In Bedfordshire crops were not showing any signs of drying, according to Tom Hipwell, who had managed to get just 1.5 days into the 202ha (500acres) of Robigus before rain stopped play a week ago.
“The straw was extremely green which slowed us down but the grain itself was ripe enough,” he commented.
The combine had not been out since last Friday (17 August) on George Brown’s farm near Newbury in Berkshire.

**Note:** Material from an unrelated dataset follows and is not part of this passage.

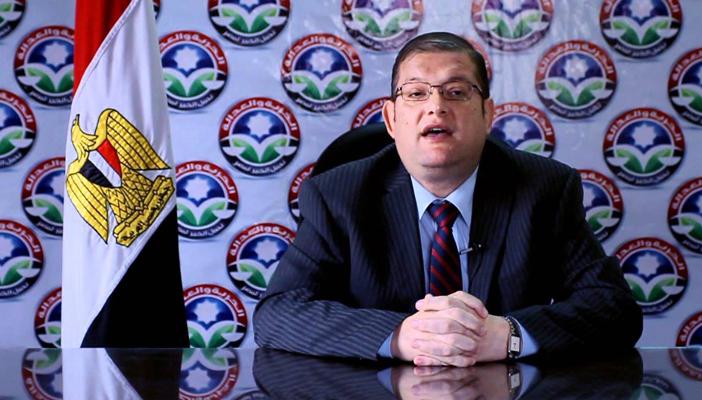 بالصور.. ابنة الدكتور حازم فاروق: بيموتوه بالبطيء في سجن العقرب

He estimated progress was five or six days behind normal and he still had 61ha of Tipple spring barley and 45ha of wheat to cut.
“The wheat is only just fit and the barley looks well, so as long as the weather improves towards the end of the week things won’t be too bad.”
Norfolk farm John Kisby also hoped forecast better weather towards the end of the week would come, as two full days would be enough for him to complete harvest. “That would put us ahead of most years,” he said.
Of the 283ha (700 acres) of Alchemy, Einstein and Cordiale wheat, Mr Kisby had about 30ha (75 acres) left to cut. “It’s been standing up well but it just hasn’t filled out in the ear. However, quality has been about average and the Cordiale might make milling.”